Yes. That is what I meant.
 

1. What does "additive but not scalable" mean?

"Additive but not scalable" refers to a function that satisfies the property of additivity, meaning that the output of the function when given two inputs is equal to the sum of the outputs of each individual input, but is not considered scalable because it does not exhibit the property of scalability, where the output of the function changes proportionally with the input. In other words, increasing the input by a certain amount does not result in the output increasing by the same amount.

2. Can you provide an example of an "additive but not scalable" function?

A common example of an additive but not scalable function is the floor function, denoted as f(x) = ⌊x⌋. This function takes any real number as an input and outputs the largest integer less than or equal to that number. While this function is additive, as the output of f(x + y) is equal to f(x) + f(y), it is not scalable because the output does not increase proportionally with the input. For example, f(2) = 2 but f(4) = 3, an increase of 100% in the input results in only a 50% increase in the output.

3. How is "additive but not scalable" different from a linear function?

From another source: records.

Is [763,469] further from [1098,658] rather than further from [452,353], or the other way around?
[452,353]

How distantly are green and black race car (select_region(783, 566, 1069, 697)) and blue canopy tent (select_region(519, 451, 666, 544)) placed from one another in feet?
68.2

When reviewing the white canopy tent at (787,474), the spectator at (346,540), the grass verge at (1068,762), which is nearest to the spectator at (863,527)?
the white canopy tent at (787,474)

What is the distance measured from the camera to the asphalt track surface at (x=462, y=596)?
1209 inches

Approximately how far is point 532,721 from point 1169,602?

A linear function is a function that satisfies both the properties of additivity and scalability, meaning that the output increases proportionally with the input. "Additive but not scalable" functions satisfy the property of additivity but not scalability, as the output does not increase proportionally with the input. This means that while linear functions have a constant rate of change, "additive but not scalable" functions have a variable rate of change.

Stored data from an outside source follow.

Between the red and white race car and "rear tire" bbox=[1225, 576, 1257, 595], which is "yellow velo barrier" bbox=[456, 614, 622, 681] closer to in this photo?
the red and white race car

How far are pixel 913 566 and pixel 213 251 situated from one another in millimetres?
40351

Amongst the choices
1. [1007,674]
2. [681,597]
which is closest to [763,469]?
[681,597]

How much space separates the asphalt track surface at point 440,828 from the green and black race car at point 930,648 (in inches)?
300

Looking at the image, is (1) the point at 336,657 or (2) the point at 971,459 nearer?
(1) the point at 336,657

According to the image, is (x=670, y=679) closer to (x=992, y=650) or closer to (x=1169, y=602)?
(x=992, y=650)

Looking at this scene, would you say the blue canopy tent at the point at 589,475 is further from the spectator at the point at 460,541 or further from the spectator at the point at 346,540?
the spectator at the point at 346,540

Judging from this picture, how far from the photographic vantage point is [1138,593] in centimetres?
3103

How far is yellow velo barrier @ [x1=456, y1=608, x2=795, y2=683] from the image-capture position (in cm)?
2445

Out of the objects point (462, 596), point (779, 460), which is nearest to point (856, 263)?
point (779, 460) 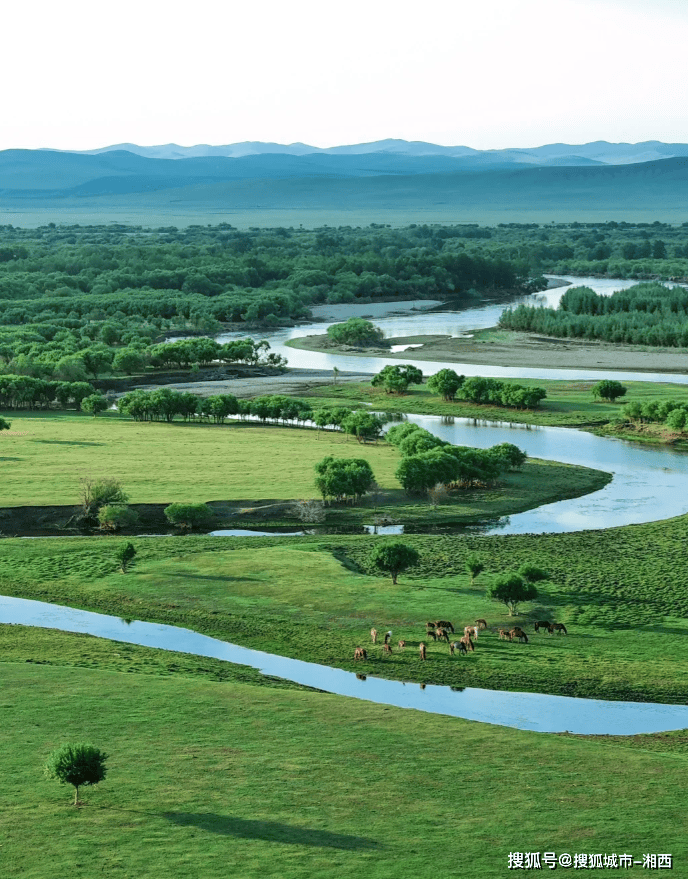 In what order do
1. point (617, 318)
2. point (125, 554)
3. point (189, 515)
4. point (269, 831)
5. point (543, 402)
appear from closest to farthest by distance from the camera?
point (269, 831) < point (125, 554) < point (189, 515) < point (543, 402) < point (617, 318)

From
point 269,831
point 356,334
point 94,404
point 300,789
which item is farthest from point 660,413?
point 269,831

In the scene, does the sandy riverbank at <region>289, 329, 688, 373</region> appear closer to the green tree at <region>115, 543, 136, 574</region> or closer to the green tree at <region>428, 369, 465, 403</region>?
the green tree at <region>428, 369, 465, 403</region>

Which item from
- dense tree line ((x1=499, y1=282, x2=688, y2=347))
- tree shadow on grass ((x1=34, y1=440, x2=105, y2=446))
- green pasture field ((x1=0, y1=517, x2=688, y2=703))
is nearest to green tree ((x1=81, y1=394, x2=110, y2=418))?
tree shadow on grass ((x1=34, y1=440, x2=105, y2=446))

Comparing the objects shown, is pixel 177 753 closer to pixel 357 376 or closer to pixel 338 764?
pixel 338 764

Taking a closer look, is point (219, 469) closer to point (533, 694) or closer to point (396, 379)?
point (533, 694)

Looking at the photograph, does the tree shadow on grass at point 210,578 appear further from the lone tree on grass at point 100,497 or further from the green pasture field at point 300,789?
the green pasture field at point 300,789

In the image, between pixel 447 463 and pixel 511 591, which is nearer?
pixel 511 591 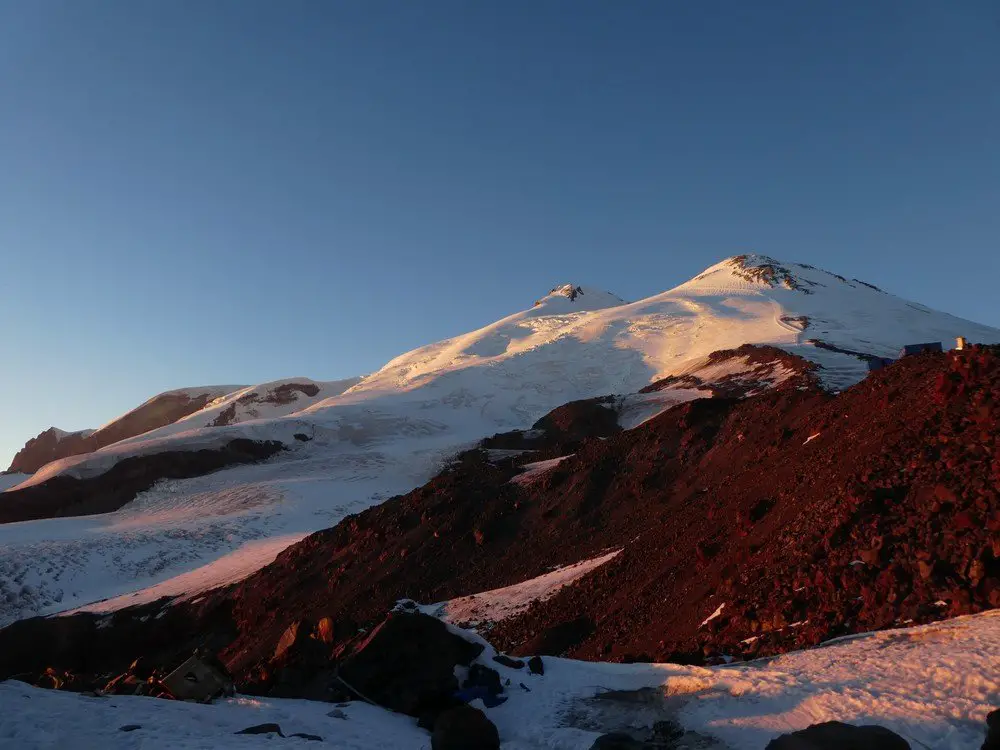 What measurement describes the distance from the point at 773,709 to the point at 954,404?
9323mm

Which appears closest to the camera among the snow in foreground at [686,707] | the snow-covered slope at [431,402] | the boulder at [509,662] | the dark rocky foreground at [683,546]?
the snow in foreground at [686,707]

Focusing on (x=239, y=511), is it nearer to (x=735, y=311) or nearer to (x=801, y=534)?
(x=801, y=534)

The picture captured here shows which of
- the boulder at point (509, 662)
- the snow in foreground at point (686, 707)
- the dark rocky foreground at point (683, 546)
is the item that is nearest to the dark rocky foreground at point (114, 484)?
the dark rocky foreground at point (683, 546)

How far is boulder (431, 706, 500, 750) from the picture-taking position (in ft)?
25.7

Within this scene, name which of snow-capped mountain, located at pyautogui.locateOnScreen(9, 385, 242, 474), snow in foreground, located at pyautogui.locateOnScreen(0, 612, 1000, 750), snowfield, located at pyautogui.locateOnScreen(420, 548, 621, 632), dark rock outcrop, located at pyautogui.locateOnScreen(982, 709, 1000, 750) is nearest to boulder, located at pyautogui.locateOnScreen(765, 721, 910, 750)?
snow in foreground, located at pyautogui.locateOnScreen(0, 612, 1000, 750)

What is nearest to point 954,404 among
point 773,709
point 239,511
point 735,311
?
point 773,709

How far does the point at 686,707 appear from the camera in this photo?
8.38 meters

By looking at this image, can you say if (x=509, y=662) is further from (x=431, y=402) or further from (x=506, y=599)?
(x=431, y=402)

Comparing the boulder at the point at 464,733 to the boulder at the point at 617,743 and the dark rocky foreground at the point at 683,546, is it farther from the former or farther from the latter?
the dark rocky foreground at the point at 683,546

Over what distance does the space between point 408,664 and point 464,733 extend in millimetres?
2247

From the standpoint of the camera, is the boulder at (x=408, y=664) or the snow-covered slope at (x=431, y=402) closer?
the boulder at (x=408, y=664)

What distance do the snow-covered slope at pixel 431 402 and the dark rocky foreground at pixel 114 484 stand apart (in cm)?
199

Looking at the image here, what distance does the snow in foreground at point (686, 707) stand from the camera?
691 centimetres

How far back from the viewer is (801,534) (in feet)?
44.1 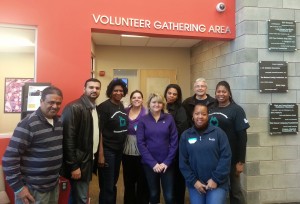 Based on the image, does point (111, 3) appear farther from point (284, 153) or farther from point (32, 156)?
point (284, 153)

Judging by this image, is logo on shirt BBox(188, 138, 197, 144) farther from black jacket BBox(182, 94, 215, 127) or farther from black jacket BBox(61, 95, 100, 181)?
black jacket BBox(61, 95, 100, 181)

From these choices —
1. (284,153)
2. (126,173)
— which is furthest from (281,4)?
(126,173)

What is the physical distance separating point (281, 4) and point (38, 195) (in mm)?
3625

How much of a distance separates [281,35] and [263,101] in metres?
0.92

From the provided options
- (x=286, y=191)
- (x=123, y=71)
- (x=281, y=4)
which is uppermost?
(x=281, y=4)

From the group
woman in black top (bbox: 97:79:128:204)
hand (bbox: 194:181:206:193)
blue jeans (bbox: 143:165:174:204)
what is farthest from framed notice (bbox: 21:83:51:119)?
hand (bbox: 194:181:206:193)

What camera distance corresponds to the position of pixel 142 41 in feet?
17.5

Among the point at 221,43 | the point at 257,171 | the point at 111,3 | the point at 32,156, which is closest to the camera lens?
the point at 32,156

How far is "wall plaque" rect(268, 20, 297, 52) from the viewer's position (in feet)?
11.1

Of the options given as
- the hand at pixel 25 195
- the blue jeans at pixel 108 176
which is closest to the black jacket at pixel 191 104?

4. Why is it important to understand "additive but not scalable" functions?

Understanding "additive but not scalable" functions is important in various fields, such as economics, physics, and computer science. In economics, for example, understanding the properties of a function can help in determining the relationship between inputs and outputs, and in turn, make predictions about the behavior of a system. In physics, "additive but not scalable" functions can help model non-linear systems. In computer science, understanding these functions can aid in the development of algorithms and data structures.

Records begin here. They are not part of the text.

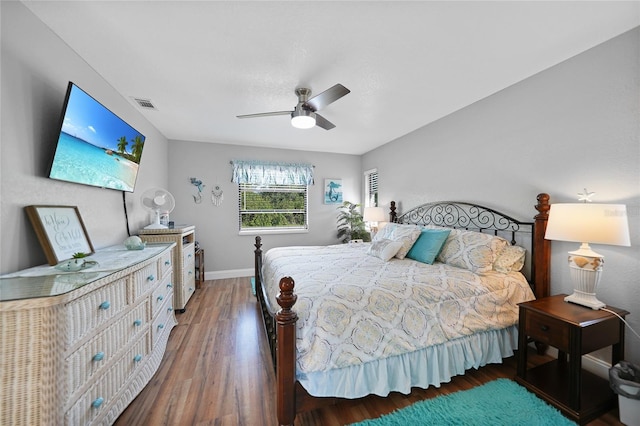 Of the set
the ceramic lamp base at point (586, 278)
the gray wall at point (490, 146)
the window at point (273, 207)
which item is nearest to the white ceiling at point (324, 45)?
the gray wall at point (490, 146)

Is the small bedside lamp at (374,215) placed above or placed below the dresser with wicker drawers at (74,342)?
above

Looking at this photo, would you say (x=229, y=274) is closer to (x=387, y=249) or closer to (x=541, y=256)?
(x=387, y=249)

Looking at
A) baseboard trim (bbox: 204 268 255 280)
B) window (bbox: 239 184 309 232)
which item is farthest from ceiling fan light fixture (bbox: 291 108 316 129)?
baseboard trim (bbox: 204 268 255 280)

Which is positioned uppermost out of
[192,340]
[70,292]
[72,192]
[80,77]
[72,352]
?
[80,77]

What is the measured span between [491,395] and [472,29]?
2560 mm

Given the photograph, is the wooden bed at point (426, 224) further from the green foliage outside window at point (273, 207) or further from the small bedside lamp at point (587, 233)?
the green foliage outside window at point (273, 207)

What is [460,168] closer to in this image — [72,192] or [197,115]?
[197,115]

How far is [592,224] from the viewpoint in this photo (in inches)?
62.0

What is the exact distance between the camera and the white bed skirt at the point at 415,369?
148cm

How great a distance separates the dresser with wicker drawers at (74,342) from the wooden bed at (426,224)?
0.95 metres

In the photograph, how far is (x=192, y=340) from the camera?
7.97 feet

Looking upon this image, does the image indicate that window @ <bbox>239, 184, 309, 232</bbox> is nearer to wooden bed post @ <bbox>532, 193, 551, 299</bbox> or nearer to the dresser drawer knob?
the dresser drawer knob

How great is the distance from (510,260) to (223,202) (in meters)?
4.35

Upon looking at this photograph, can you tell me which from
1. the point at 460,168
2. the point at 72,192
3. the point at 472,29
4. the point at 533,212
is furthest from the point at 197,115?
the point at 533,212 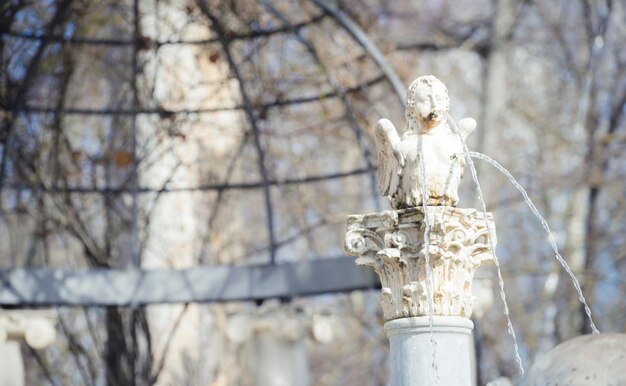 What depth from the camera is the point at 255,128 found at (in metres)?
16.2

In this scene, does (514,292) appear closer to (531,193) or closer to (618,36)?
(531,193)

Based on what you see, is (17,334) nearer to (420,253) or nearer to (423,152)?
(420,253)

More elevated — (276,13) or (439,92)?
(276,13)

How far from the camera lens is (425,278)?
31.9ft

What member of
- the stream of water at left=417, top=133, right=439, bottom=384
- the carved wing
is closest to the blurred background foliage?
the carved wing

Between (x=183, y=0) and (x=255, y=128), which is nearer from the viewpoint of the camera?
(x=255, y=128)

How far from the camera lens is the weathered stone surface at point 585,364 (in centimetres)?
793

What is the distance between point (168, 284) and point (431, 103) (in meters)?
5.95

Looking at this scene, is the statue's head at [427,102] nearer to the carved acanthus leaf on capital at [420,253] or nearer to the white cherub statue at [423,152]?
the white cherub statue at [423,152]

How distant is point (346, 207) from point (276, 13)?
1030cm

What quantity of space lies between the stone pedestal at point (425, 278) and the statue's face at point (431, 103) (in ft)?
2.11

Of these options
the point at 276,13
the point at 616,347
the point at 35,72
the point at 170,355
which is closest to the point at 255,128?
the point at 276,13

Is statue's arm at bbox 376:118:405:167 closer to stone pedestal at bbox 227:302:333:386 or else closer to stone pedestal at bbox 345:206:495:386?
stone pedestal at bbox 345:206:495:386

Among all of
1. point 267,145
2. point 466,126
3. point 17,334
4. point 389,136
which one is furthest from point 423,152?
point 267,145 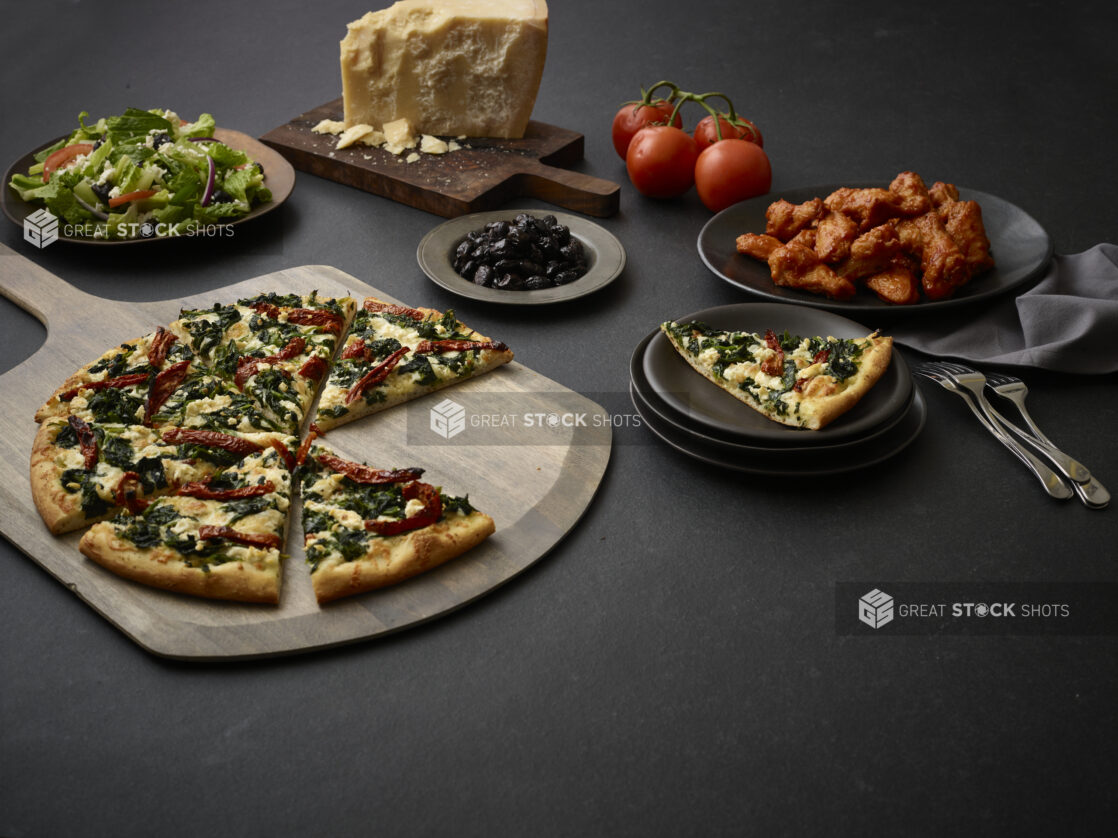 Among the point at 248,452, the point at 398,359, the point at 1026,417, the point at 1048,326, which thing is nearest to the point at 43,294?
the point at 248,452

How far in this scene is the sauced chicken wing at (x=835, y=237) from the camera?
449 cm

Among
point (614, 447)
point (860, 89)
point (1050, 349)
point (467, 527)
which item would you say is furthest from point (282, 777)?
point (860, 89)

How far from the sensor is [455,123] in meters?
6.04

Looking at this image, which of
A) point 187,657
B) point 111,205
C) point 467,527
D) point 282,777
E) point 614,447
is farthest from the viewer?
point 111,205

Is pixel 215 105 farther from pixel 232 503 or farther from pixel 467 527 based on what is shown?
pixel 467 527

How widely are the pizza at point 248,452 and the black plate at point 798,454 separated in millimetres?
843

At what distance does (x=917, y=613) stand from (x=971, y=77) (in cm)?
533

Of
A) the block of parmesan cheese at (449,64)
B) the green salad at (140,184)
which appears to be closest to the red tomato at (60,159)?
the green salad at (140,184)

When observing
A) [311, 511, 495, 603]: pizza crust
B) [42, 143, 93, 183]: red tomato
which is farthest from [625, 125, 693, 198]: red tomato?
[42, 143, 93, 183]: red tomato

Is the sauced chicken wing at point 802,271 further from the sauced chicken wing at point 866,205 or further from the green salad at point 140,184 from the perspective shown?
the green salad at point 140,184

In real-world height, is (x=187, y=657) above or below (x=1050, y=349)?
below

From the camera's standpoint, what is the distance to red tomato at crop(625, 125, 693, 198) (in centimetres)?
548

5. Can "additive but not scalable" functions have real-world applications?

Yes, "additive but not scalable" functions can have real-world applications. As mentioned before, these functions can help model non-linear systems, making them useful in various fields such as economics, physics, and computer science. For example, in economics, the floor function can be used to model the relationship between the quantity of goods produced and the demand for those goods. In physics, the floor function can be used to model the behavior of a particle moving in a non-linear path. In computer science, the floor function can be used in sorting algorithms to partition data into smaller, non-overlapping groups.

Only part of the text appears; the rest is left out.